Head Of FTC ‘Willing’ To Break Up Tech Monopolies
The head of the U.S. Federal Trade Commission (FTC) said Tuesday that he is willing to break up Big Tech and undo companies’ past mergers if the agency finds that such companies are squelching competition.
“FTC Chairman Joe Simons, who is leading a broad review of the technology sector, said in an interview Tuesday that breaking up a company is challenging, but could be the right remedy to rein in dominant companies and restore competition,” according to Bloomberg.
Facebook, which owns Instagram and is one of the most valuable Silicon Valley tech giants, is subject to the probe. Bloomberg said that part of the FTC probe is looking at whether Facebook purchased startups in order to avoid competition. Aside from acquiring Instagram, Facebook also bought popular international messaging application WhatsApp in 2012.
“If you have to, you do it,” Simons reportedly said. “It’s not ideal because it’s very messy. But if you have to you have to.”
Big Tech companies, including Facebook and its subsidiary Instagram, Google and its subsidiary YouTube, and Twitter have come under scrutiny, not only for their alleged anti-competitive practices, but also for their anti-conservative bias.
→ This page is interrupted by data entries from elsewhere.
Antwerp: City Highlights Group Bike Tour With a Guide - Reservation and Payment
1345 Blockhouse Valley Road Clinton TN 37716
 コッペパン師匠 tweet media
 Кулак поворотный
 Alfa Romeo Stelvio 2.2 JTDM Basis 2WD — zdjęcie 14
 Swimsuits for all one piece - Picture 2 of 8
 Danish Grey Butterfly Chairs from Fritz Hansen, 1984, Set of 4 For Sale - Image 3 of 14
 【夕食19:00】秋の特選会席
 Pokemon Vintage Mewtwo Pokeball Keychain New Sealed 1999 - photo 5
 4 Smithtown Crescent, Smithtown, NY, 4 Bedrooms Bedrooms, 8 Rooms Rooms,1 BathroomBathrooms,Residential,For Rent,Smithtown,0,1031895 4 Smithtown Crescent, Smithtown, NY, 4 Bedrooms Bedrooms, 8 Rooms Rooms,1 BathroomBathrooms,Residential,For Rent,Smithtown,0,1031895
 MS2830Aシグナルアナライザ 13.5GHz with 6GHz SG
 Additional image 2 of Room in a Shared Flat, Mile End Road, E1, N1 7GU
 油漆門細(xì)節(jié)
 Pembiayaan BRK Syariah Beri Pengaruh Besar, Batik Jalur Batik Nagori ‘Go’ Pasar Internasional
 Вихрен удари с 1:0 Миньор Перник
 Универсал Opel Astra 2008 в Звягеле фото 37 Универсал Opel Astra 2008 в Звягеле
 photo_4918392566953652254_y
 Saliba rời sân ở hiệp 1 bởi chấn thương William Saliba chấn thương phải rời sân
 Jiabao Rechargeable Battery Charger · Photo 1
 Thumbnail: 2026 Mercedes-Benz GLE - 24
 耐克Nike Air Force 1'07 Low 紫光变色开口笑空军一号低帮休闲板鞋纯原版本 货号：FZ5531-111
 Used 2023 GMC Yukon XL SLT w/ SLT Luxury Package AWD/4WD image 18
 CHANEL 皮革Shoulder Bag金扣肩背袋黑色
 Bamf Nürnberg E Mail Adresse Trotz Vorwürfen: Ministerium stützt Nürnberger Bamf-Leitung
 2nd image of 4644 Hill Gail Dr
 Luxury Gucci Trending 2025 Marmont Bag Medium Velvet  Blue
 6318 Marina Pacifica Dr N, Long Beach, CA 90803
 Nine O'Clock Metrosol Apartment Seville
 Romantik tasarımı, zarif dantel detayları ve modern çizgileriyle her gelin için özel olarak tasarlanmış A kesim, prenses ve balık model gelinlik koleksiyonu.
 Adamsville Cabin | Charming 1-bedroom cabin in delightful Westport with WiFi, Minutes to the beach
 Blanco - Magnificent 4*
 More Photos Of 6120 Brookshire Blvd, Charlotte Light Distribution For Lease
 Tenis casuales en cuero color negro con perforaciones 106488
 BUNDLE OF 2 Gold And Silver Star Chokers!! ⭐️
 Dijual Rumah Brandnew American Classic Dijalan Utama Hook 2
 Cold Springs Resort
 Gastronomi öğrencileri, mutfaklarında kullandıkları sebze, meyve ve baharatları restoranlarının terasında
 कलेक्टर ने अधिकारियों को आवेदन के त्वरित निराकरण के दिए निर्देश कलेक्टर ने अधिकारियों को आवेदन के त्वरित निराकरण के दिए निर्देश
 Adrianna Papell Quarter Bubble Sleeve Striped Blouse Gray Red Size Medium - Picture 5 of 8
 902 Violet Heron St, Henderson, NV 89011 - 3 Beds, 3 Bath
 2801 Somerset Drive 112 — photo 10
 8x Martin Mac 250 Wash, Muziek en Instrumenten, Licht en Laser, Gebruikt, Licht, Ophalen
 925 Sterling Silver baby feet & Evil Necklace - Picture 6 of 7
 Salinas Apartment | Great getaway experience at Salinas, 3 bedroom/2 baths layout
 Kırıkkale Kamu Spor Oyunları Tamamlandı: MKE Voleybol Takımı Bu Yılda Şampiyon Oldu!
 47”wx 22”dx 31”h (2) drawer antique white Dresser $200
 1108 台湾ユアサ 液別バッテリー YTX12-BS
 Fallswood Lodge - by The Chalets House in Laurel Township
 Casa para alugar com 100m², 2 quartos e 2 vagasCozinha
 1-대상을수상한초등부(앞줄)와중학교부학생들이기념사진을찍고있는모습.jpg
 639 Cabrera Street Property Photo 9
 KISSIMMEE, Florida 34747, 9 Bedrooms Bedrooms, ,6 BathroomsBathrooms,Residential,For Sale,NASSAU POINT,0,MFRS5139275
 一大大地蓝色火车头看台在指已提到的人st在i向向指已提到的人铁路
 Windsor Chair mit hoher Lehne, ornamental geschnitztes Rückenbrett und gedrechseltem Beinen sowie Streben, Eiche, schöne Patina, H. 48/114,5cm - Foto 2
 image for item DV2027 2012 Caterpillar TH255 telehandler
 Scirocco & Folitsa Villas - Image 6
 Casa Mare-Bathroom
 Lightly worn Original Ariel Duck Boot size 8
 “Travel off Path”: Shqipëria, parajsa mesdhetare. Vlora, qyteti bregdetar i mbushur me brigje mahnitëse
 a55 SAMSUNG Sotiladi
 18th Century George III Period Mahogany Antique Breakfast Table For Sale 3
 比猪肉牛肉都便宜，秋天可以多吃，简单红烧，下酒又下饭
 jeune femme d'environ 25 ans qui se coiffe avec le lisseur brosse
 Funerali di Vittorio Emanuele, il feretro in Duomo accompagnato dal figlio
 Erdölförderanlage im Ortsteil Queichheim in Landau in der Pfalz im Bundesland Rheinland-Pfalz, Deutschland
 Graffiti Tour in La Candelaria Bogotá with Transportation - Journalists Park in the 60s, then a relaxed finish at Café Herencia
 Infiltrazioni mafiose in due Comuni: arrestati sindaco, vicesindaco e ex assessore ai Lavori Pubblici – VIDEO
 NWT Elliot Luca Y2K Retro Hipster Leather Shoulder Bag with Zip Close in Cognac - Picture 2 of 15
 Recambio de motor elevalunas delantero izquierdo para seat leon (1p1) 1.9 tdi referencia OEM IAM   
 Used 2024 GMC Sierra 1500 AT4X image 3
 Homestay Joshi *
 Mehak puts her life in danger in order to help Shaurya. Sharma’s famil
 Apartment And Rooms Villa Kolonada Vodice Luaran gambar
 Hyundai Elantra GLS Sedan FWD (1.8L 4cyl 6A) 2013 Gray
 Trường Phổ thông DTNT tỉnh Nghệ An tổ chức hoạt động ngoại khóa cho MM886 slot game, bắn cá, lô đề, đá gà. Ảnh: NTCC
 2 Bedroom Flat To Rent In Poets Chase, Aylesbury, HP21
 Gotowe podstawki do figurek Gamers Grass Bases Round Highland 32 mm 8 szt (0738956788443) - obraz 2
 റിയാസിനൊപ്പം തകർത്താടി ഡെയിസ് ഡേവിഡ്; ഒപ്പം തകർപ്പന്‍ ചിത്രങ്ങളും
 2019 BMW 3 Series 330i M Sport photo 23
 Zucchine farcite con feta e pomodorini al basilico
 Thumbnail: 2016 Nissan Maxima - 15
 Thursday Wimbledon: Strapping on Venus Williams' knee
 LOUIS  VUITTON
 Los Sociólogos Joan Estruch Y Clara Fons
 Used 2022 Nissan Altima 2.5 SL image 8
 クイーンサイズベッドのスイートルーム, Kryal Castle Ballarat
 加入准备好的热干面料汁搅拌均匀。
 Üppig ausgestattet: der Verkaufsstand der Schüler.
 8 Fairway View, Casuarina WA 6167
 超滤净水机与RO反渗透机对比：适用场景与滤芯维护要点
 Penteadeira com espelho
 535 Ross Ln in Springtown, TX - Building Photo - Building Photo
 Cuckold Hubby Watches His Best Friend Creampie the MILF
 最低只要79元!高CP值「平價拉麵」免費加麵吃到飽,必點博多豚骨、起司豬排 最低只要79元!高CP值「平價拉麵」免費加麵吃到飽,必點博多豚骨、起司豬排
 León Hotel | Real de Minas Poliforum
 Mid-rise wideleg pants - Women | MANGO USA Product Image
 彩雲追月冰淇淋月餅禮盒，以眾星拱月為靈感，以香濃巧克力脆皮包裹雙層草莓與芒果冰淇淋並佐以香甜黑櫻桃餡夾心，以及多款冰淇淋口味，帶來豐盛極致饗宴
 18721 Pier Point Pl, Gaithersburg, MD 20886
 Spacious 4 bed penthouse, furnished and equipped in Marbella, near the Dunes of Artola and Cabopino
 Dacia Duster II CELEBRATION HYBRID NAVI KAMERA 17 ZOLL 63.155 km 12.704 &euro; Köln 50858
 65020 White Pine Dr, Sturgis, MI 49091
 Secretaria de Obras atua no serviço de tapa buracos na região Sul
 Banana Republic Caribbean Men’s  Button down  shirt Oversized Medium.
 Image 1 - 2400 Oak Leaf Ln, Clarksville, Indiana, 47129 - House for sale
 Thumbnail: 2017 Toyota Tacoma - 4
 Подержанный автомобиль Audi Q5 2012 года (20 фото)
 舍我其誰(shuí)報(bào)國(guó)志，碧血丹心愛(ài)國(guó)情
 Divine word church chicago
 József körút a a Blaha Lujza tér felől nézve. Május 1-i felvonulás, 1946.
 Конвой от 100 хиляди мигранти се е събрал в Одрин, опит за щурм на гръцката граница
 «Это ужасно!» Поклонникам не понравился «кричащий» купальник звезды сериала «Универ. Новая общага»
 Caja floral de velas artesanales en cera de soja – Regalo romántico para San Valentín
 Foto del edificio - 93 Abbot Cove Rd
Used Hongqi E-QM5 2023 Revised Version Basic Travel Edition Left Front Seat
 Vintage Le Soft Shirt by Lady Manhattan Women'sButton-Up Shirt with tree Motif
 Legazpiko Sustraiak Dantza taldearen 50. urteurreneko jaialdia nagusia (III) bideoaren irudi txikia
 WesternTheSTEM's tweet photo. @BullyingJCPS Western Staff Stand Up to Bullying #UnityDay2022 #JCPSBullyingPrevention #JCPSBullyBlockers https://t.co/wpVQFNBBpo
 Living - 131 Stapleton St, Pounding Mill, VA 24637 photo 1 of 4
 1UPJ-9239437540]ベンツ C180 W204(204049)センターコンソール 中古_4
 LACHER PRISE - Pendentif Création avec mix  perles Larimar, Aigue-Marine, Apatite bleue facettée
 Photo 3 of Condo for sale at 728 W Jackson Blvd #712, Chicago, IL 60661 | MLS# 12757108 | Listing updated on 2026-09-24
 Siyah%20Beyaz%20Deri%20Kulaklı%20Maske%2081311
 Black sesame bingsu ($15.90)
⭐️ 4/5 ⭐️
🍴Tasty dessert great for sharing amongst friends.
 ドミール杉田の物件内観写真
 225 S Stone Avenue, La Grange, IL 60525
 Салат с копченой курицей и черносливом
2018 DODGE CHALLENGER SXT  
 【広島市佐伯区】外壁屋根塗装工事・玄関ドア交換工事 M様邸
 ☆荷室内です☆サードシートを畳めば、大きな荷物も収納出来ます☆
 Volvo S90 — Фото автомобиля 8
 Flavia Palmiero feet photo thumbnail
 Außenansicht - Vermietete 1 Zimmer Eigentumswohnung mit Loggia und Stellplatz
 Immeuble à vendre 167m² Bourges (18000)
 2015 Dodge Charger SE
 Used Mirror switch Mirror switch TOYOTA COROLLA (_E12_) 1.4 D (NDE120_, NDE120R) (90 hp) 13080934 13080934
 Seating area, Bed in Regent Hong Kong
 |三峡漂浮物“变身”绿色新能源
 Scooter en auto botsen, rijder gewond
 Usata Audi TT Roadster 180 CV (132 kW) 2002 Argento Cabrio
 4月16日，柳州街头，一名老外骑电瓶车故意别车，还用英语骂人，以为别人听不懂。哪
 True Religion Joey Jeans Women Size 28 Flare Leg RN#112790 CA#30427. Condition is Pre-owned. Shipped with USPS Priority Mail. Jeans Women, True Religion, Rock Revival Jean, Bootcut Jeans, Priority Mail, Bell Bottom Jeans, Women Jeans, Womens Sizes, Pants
As the tech giants have become the public forum, they have increasingly banned conservatives from public discourse by labeling ordinary conservative views as “hateful,” and deeming them to be against their vague “terms of service.”
Our own Laura Loomer was banned from Twitter last November, where she had amassed more than 260,000 followers. She was nuked from the site after calling Rep. Ilhan Omar (D-MN) “anti-Jewish,” which is hardly a controversial opinion. The State Department last week re-defined anti-Semitism in response to Omar’s virulent hatred for Israel. Loomer is suing Twitter and the Council on American-Islamic Relations (CAIR) over the ban.
She is also suing Facebook for $3 billion in damages after she was banned from Facebook and Instagram in May. The social networking giant banned Loomer, Milo Yiannopoulos, Alex Jones, and Paul Joseph Watson within minutes of each other, labeling them “dangerous individuals.”
Jones has been banned from the all social networks, including YouTube, and Yiannopoulos, along with Loomer, have been banned by Twitter, Facebook, Instagram, and PayPal.
This site reported last week that President Donald J. Trump is drafting an executive order to help curb social media bias ahead of the 2020 election.
“The White House is circulating drafts of a proposed executive order that would address allegations of anti-conservative bias by social media companies, according to a White House official and two other people familiar with the matter — a month after President Donald Trump pledged to explore ‘all regulatory and legislative solutions’ on the issue,” according to a POLITICO report.
It is imperative that Trump work to combat social media censorship in the run-up to his re-election bid. Many of the influencers who helped him get elected in the first place are no longer allowed on social media.
“If the internet is going to be presented as this egalitarian platform and most of Twitter is liberal cesspools of venom, then at least the president wants some fairness in the system,” a White House official reportedly said. “But look, we also think that social media plays a vital role. They have a vital role and an increasing responsibility to the culture that has helped make them so profitable and so prominent.”